Les brèves


Misère(s) de l’islam de France

Béatrice Giblin, créée le 08-05-2022

"Je vous recommande cet ouvrage de 2017, qui vient d’être republié. L’auteur Didier Leschi est un haut fonctionnaire, ancien Préfet et actuellement directeur de l’Office français de l’immigration et de l’insertion. Il a un regard à la fois bienveillant et critique sur ces misères de l’islam de France. Il se demande pourquoi l’islam moderniste ne progresse pas véritablement dans l’ensemble de la population musulmane française. Beaucoup d’intellectuels musulmans écrivent des ouvrages remarquables, mais ils sont à une distance lointaine de ce que vit le musulman pratiquant moyen. Il est important et utile de réfléchir à ce problème, ainsi qu’au rôle relativement faible que tiennent les imams (à part quelques-uns très médiatisés) dans l’accompagnement d’une modernisation."


Cendrillon

Philippe Meyer, créée le 08-05-2022

"Ma deuxième recommandation est pour un spectacle déjà assez ancien, mais que je n’avais pas encore vu. Cette pièce écrite et mise en scène par Joël Pommerat se joue au théâtre de la Porte Saint-Martin. Les trouvailles de mise en scène et de jeu sont très réussies, on remarque aussi la qualité des acteurs, des costumes, des lumières, bref tout est impeccable. Mais c’est surtout le fait que cette réussite formelle est au service du contenu. Jean-François Revel disait que ce qu’on cherche dans la poésie est un « voyage en tristesse » dont on sort rasséréné. Il y a quelque chose de cela dans la manière dont Pommerat regarde ce conte, et dont les éléments les plus tristes ne sont généralement considéré comme la mise en valeur d’une fin heureuse."

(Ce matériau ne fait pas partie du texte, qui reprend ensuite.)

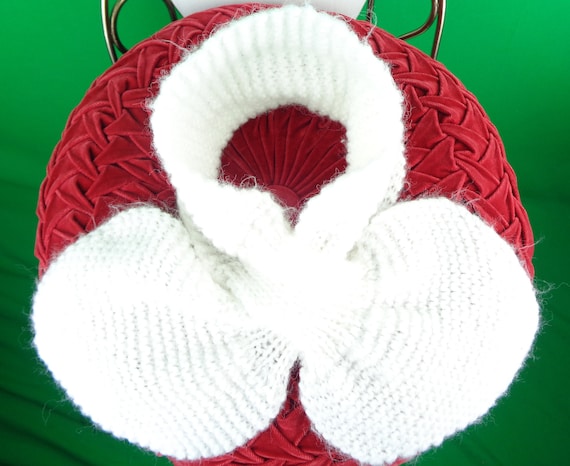 Vintage Retro Handmade Head Neck Ear Warmer Scarf Wrap 1950s 60s Mid Century Accessorie White Acrylic Wool Birthday Christmas Party Gift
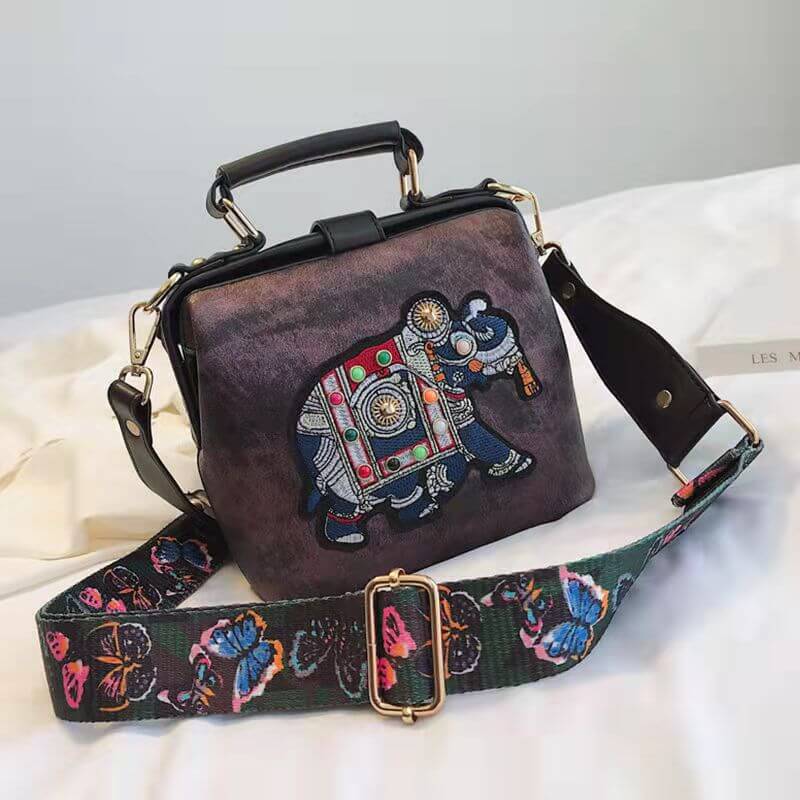 Lightweight PU coated cotton women's bag. Artistic embroidered mandala, bohemian crossbody style.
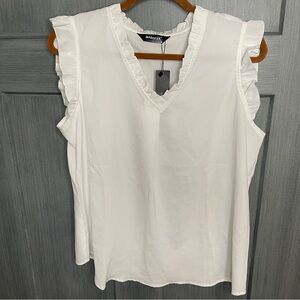 Allegra K White Ruffle V-Neck Sleeveless Top Women’s Size L NWT Capsule Workwear
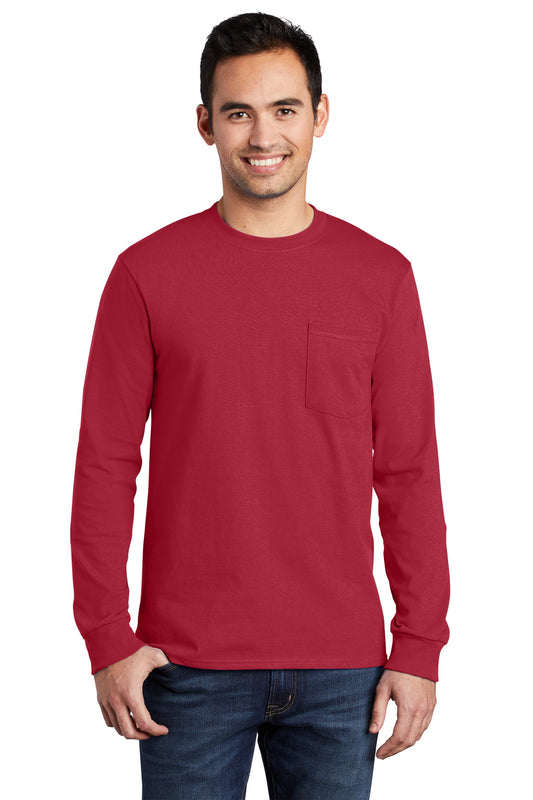 Port & Company Tall Long Sleeve Essential Pocket Tee. PC61LSPT Red Tall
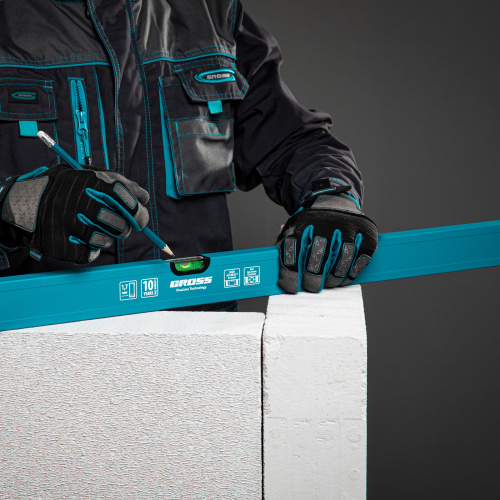 Уровень алюминиевый усиленный, 1000 мм, 3 глазка Gross по ценам производителя в Москве с доставкой по всей России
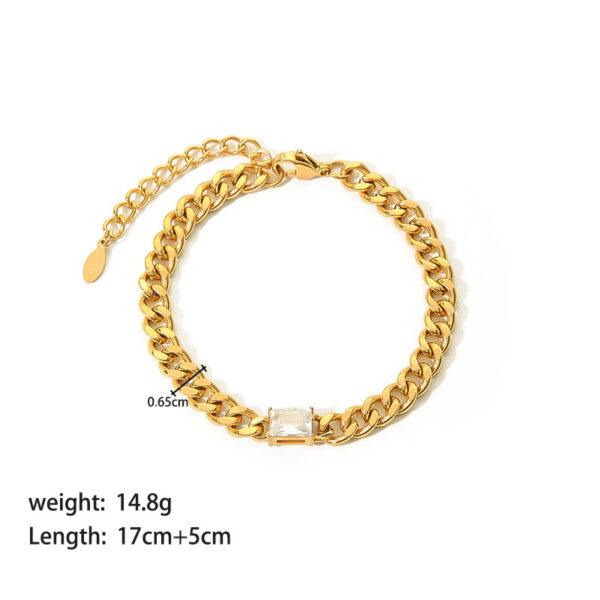 Stainless Steel Necklace Bracelet Jewelry Inlaid Rectangular Zircon 18K Gold Cuban Link Chain Necklace - Image 2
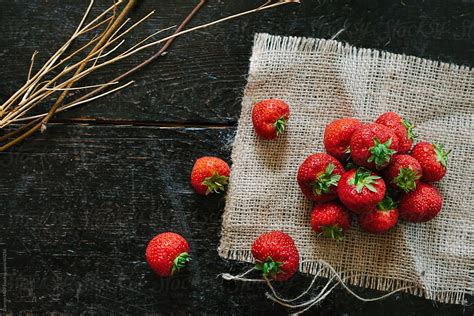 Fresh Scottish Strawberries On A Table Del Colaborador De Stocksy
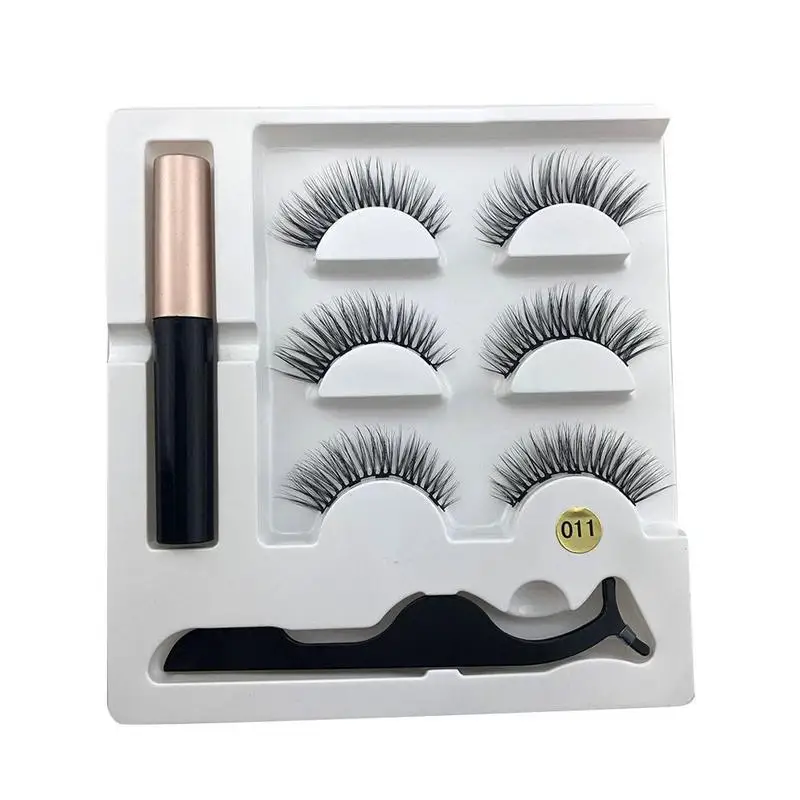 

Magnet False Eyelash Eyeliner Liquid Magnetic 3d Faux Mink Eyelash Set Tweezers + Eyeliner + 3 Pairs Of Eyelashes Set Waterproof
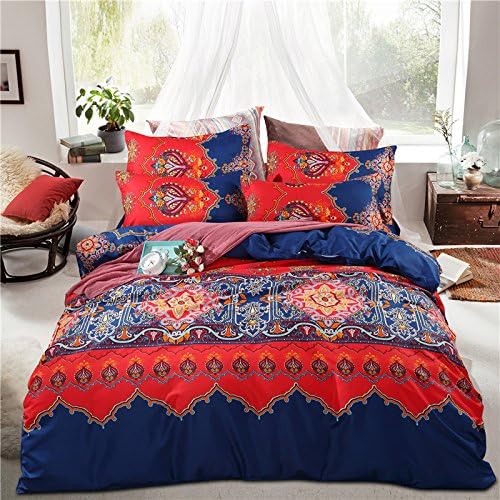 CocoQueen Polyester Red Mandala 4PC Duvet Cover Set Red Mandala Exotic Print Patterns King Size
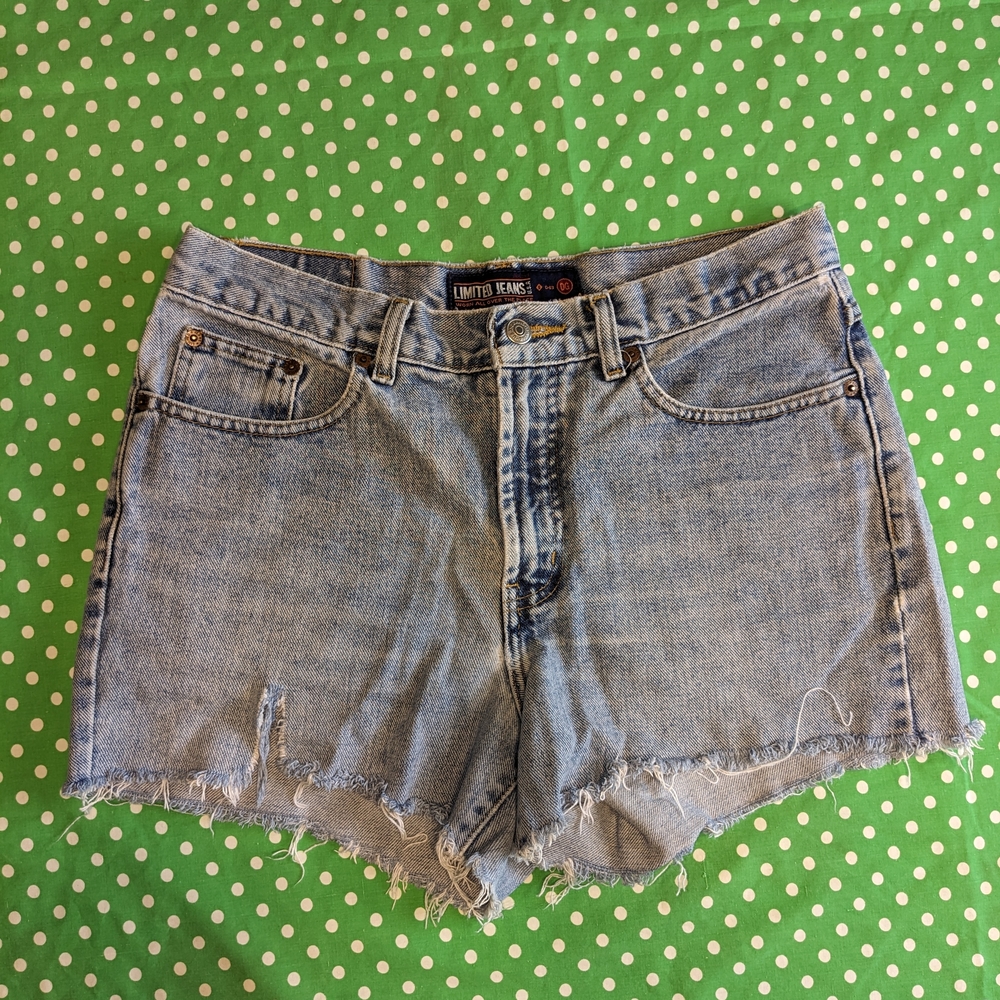 Light Blue Frayed Denim Shorts by [Brand]
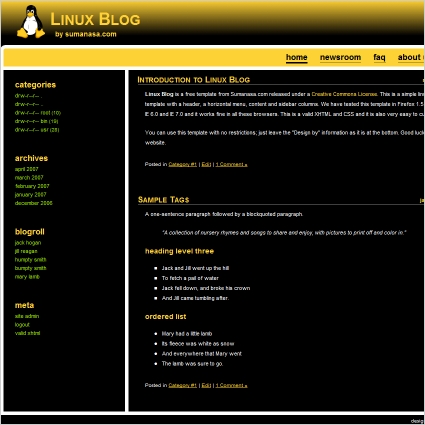 linux のブログ テンプレート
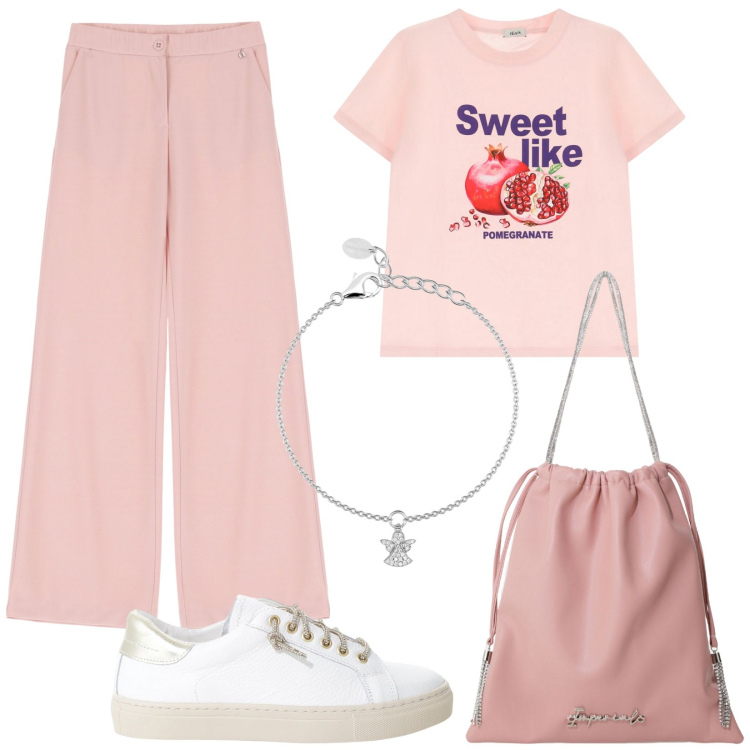 Outfit donna - Tonalità di rosa a maggio. Stile Basic per Tutti i giorni. Abbinamento con braccialetti con ciondoli, sneakers, borse a secchiello, pantaloni, t-shirt.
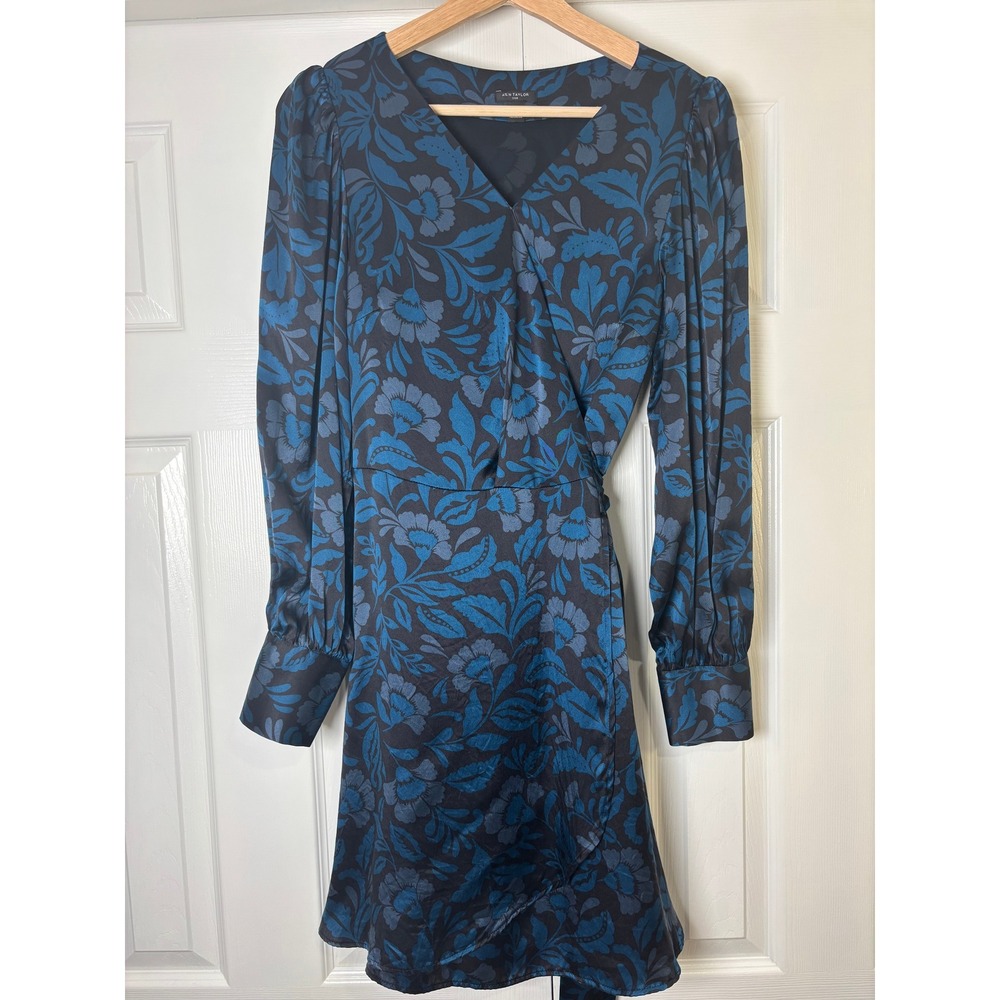 Ann Taylor Silk Floral Jacquard Wrap Dress Blue Black Long Sleeve Size 2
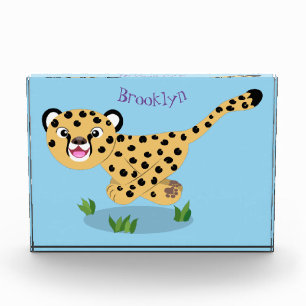 Cute baby cheetah running cartoon illustration photo block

La fièvre des urnes 2500 ans de passions électorales

Lionel Zinsou, créée le 01-05-2022

"J’aimerais rendre hommage à la fondation Michalski qui accueille notre conversation de cette semaine. Elle est consacrée à l’écriture et à la littérature, il fallait donc trouver un livre qui va étonner beaucoup de gens, et peut-être les passionner. Il est signé d’un spécialiste de la rhétorique, et au demeurant un de mes amis de lycée et de l’Ecole normale. Alors certes, son champ d’expertise est très pointu, puisqu’il s’agit de la rhétorique hellénistique tardive. Comme je trouve que les commentateurs de scrutins sont souvent trop pris dans l’instant et dans l’immédiateté, je cous recommande cette lecture. On s’aperçoit que les élections sont toujours des histoires de passion. Aussi bien à l’époque des Gracques où la passion politique poussait au meurtre ou au suicide, qu’aujourd’hui où nous avons eu une campagne remarquablement calme et sans violence. Les dimensions de soif de justice, de désir de revanche sont toujours là, il s’agit d’histoires passionnelles. En France, ce sont les meilleurs orateurs qui ont fait les meilleurs scores aux élections. Emmanuel Macron est incontestablement brillant de ce point de vue, ses éloges funèbres sont par exemple excellents. Mme Le Pen était secrétaire de la conférence des avocats, elle est indubitablement une bonne oratrice. M. Mélechon a des qualités d’orateur exceptionnelles, au point d’inventer les hologrammes pour dire en douze endroits à la fois, en captivant tout le monde, des choses plutôt inefficaces. M. Zemmour a lui aussi fasciné les foules. La rhétorique est un élément absolument central du succès politique. "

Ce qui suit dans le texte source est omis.